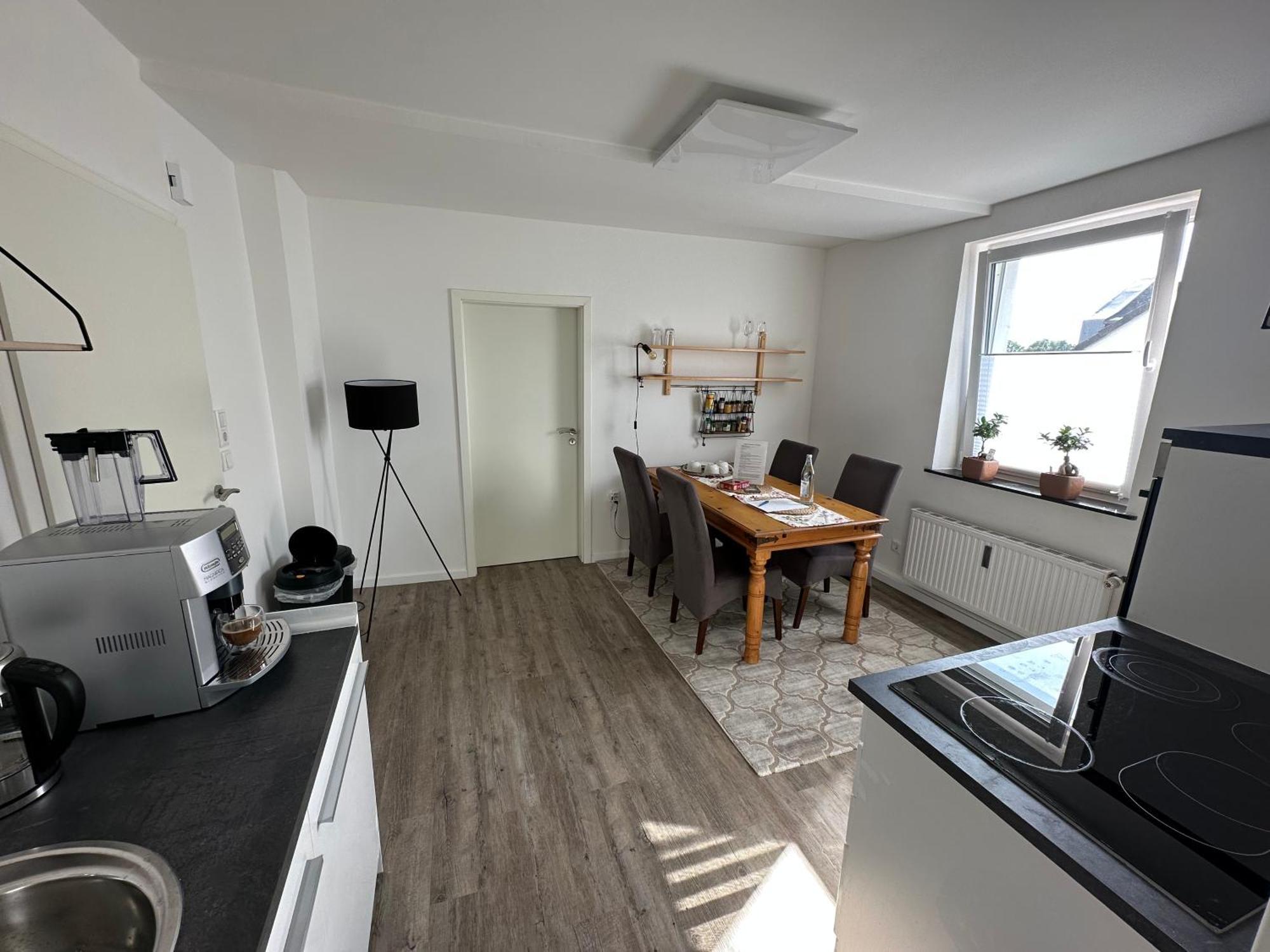Seibels Suites - Wohnung Ruhrgebiet Herne Zewnętrze zdjęcie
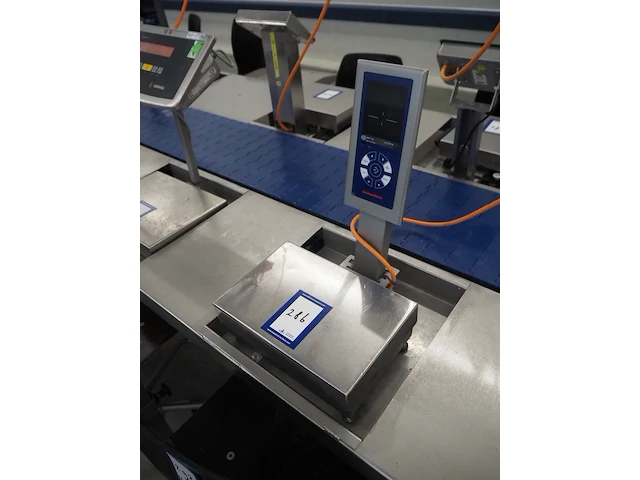 Scanvaegt - afbeelding 2 van  6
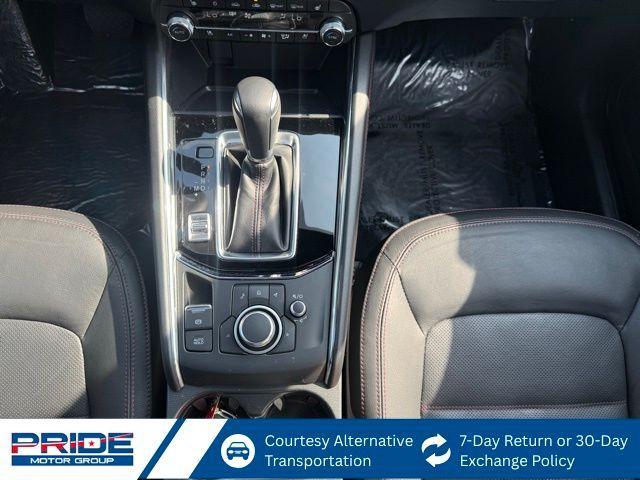 used 2023 Mazda CX-5 car, priced at $28,313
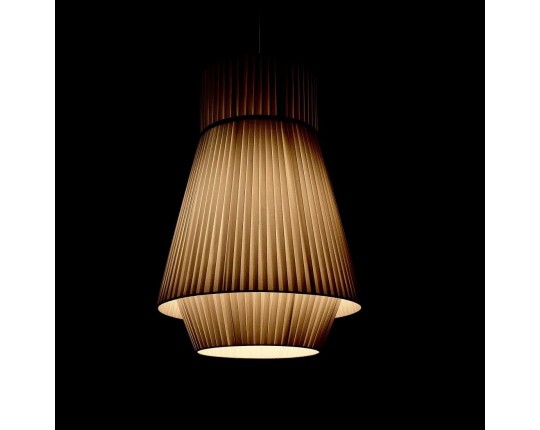 Подвесная люстра Imperium Loft Peo C D50 232564-23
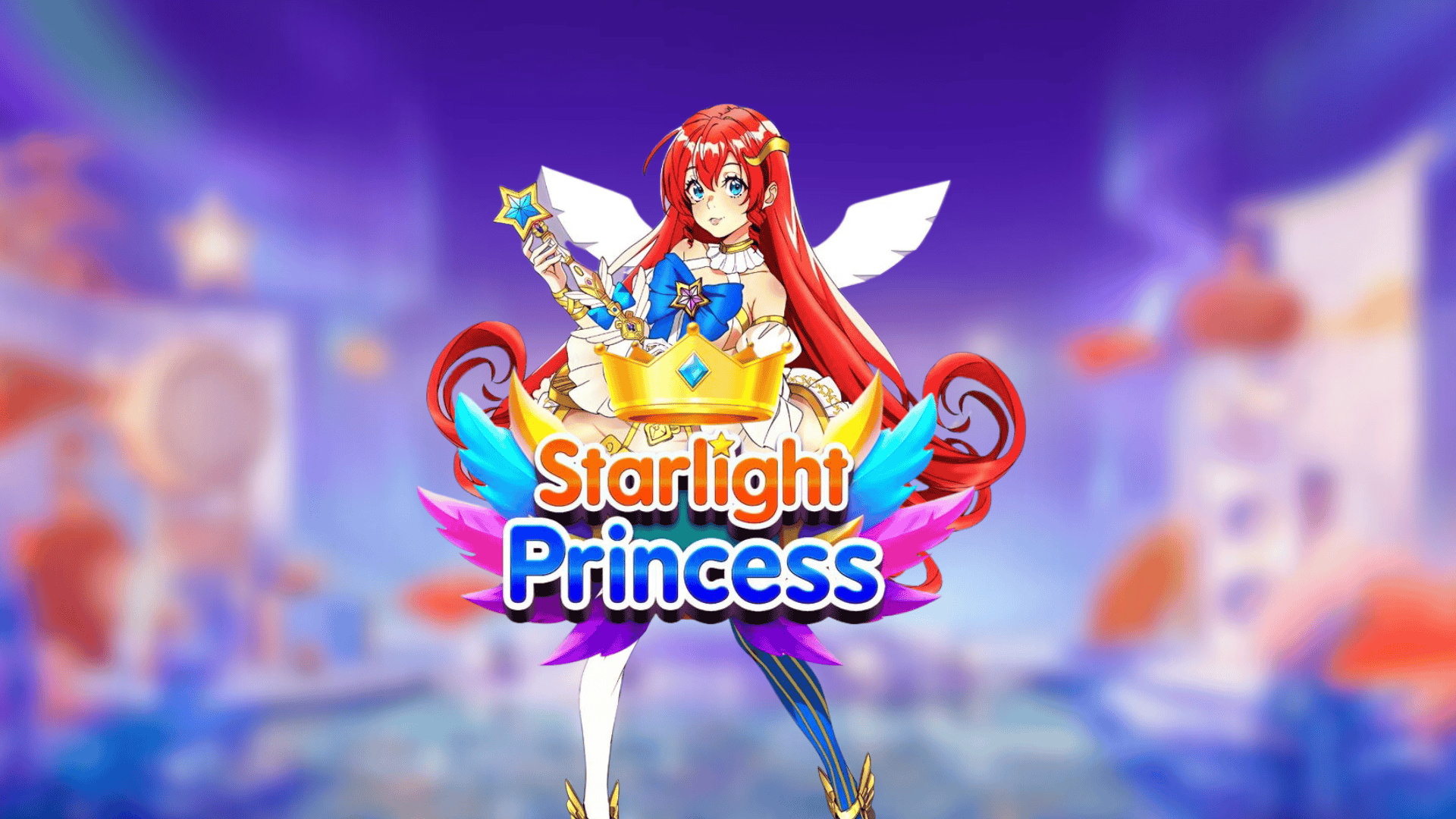 Starlight Princess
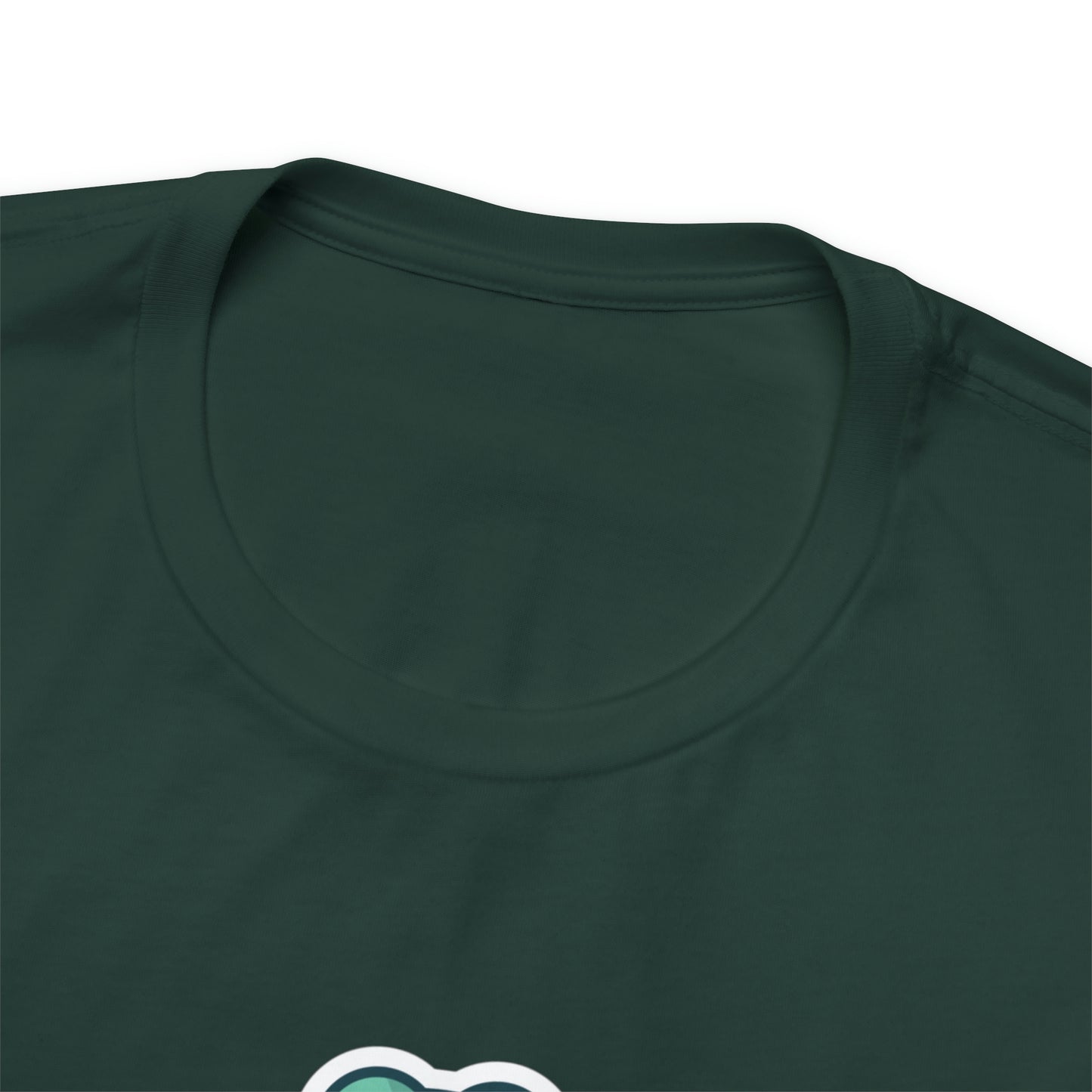 Buff McPhilbob Unisex Jersey Short Sleeve Tee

* [Directions] Using the records above, reproduce exactly the lines from the line containing "Подвесная люстра Imperium" through the last line, with both ends kept and no pictures.

* [Your solution]
 Подвесная люстра Imperium Loft Peo C D50 232564-23
 Starlight Princess
 Buff McPhilbob Unisex Jersey Short Sleeve Tee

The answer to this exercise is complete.